At least USA Today made the story its page one lead, instead of just a business story, but it too just notes that the island is a “commonwealth” and that as such it cannot be bailed out as Greece hopes to be, by such international bodies as the International Monetary Fund (IMF) or the European Union. The meaning of the term “commonwealth” is not defined.

The Wall Street Journal ran its report on the bankruptcy on the front of its Money & Investing section, making it clear that the only significance of this story was to the many institutional and individual investors who hold Puerto Rican tax-free bonds in the municipal bond allocation of their investment portfolios. It too failed to explain what it meant to call Puerto Rico a “commonwealth.”

US citizens outside of Puerto Rico, most of whom don’t even know Puerto Ricans are fellow citizens, and not potential “illegal immigrants” to their shores like the Haitians, Dominicans, Cubans and other residents of neighboring islands, are no doubt understandably confused about Puerto Rico’s status, given that Kentucky, Virginia, Massachusetts and Pennsylvania all refer to themselves as “commonwealths” and not as states.

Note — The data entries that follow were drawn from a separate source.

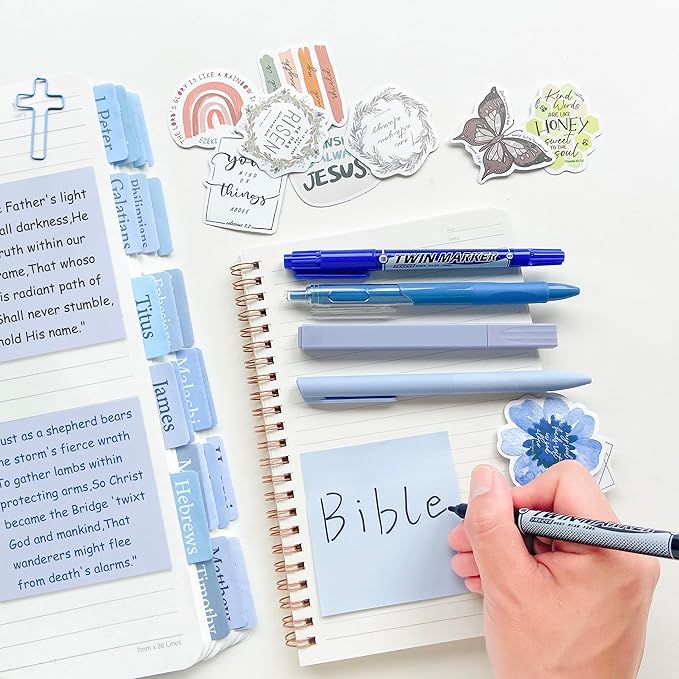 J6&H6 Complete Bible Study Supplies Journaling Kit with Tabs, Highlighters and Color Pens, Notebook,Stickers & More 56pcs Bible Accessories Set for Women, Beginner Christian Gifts(Blue)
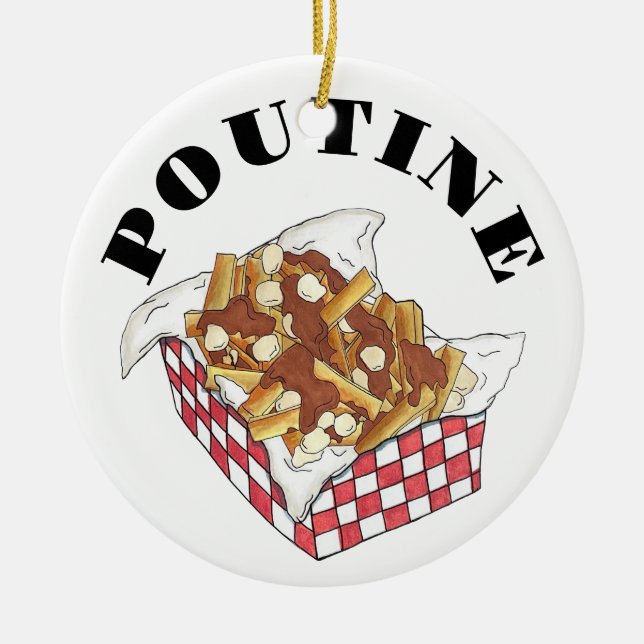 Poutine Quebec Canada Canadian Food Fransk Fries Julgransprydnad Keramik (Framsidan)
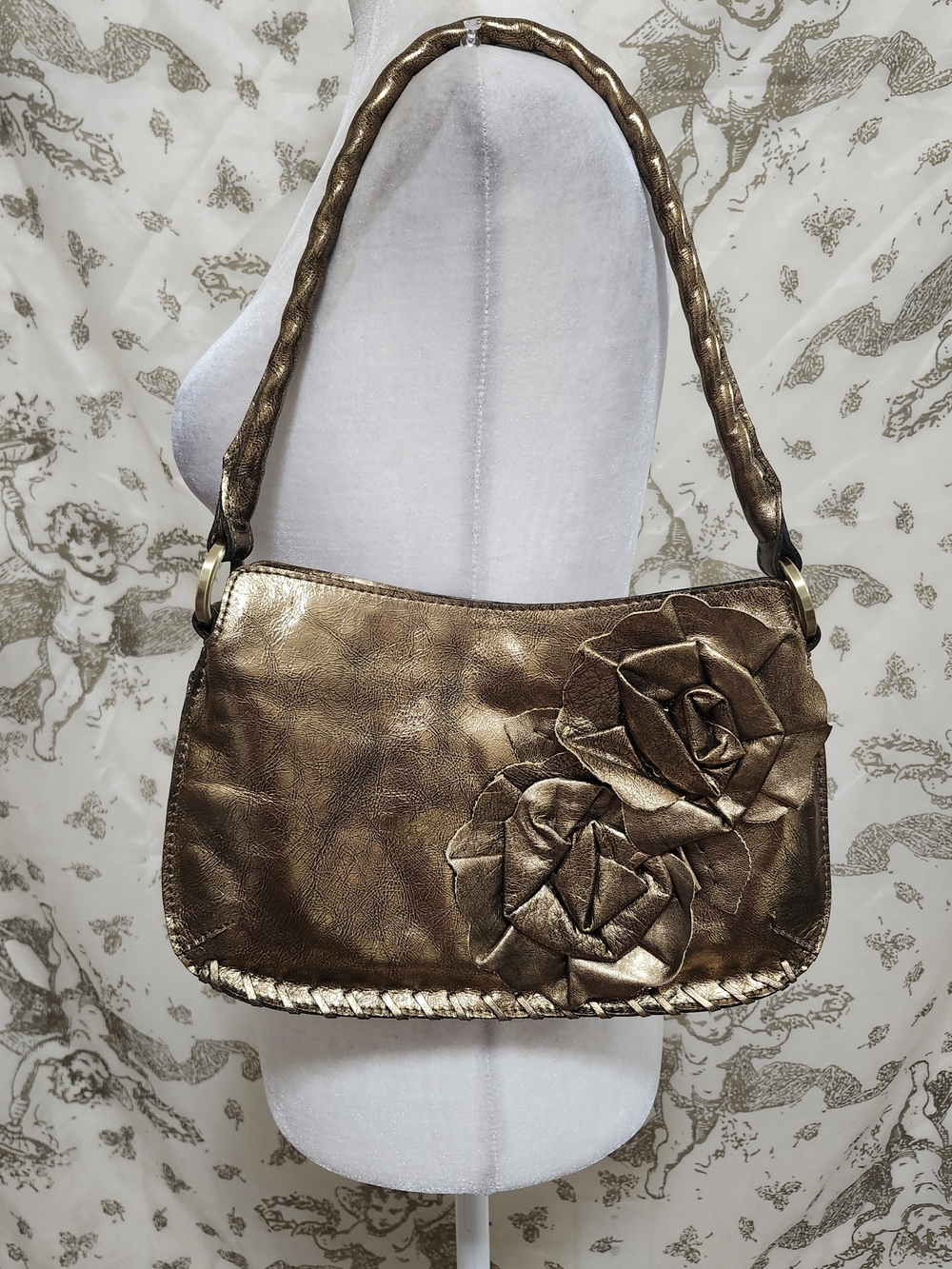 Patricia Nash Hartford Shoulder Bag Floral Bouquet Antique Bronze Y2K vibes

But Puerto Rico is no “commonwealth,” a term which the Oxford dictionary defines as “an independent state or community, especially a democratic republic,” and which Websters dictionary defines as a nation or state or alternatively — in a special category for Puerto Rico and the Northern Mariana Islands, presented without any sense of irony — as “a political unit having local autonomy but voluntarily united with the United States.”

I’m not sure how that last definition got past the editors, though. Puerto Rico is can never, with a straight face, be said to have been “voluntarily united” with the United States. The island was a spoil of war when the US defeated Spain in the Spanish-American War of 1898, and it instantly became a colony under brutal military rule, its indigenous independence movement crushed, and even its native Spanish language barred from public education from 1898 until 1948.

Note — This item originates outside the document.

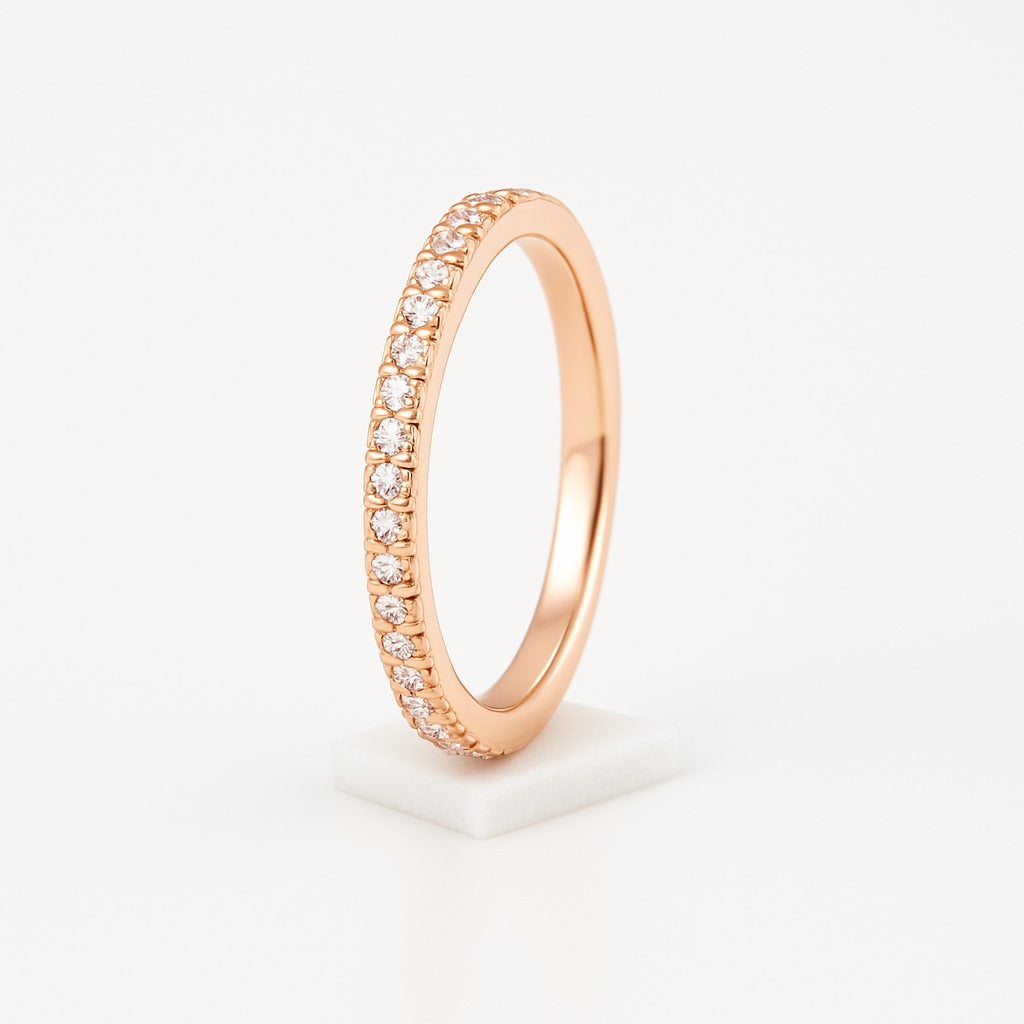 Anillo Brillante Rosa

When Puerto Rico’s purely symbolic but powerless elected delegates assembly voted in 1914 to call unanimously for the island’s independence, the US Congress responded in 1917 with the Jones Act, which declared all residents of Puerto Rico to be US citizens, whether they liked it or not (people were given a one-time chance within the next 30 days to renounce that citizenship forever, but nobody since then has had that right).

The Jones Act allowed islanders some local autonomy (all laws are subject to Congressional veto) but it also imposed crippling colonial policies, many of which continue to this day, and have contributed mightily to the island’s current debt crisis. Puerto Rico’s local farming was destroyed in favor of a deliberate US policy of monoculture. It’s women were involuntarily sterilized. And while Puerto Ricans had no vote, its young men were ordered to serve in America’s wars, beginning with WWI. (Actually, at the time of Puerto Rico’s “liberation” from Spain by US forces in the 1898, islanders had more political power and autonomy than they ever have gotten under US domination. Under pressure from a powerful and growing independista movement, Spain had already granted Puerto Rico 18 voting delegates in the Spanish parliament. Yet even today, as a US colony, Puerto Rico only has one non-voting “observer” in the US House of Representatives.)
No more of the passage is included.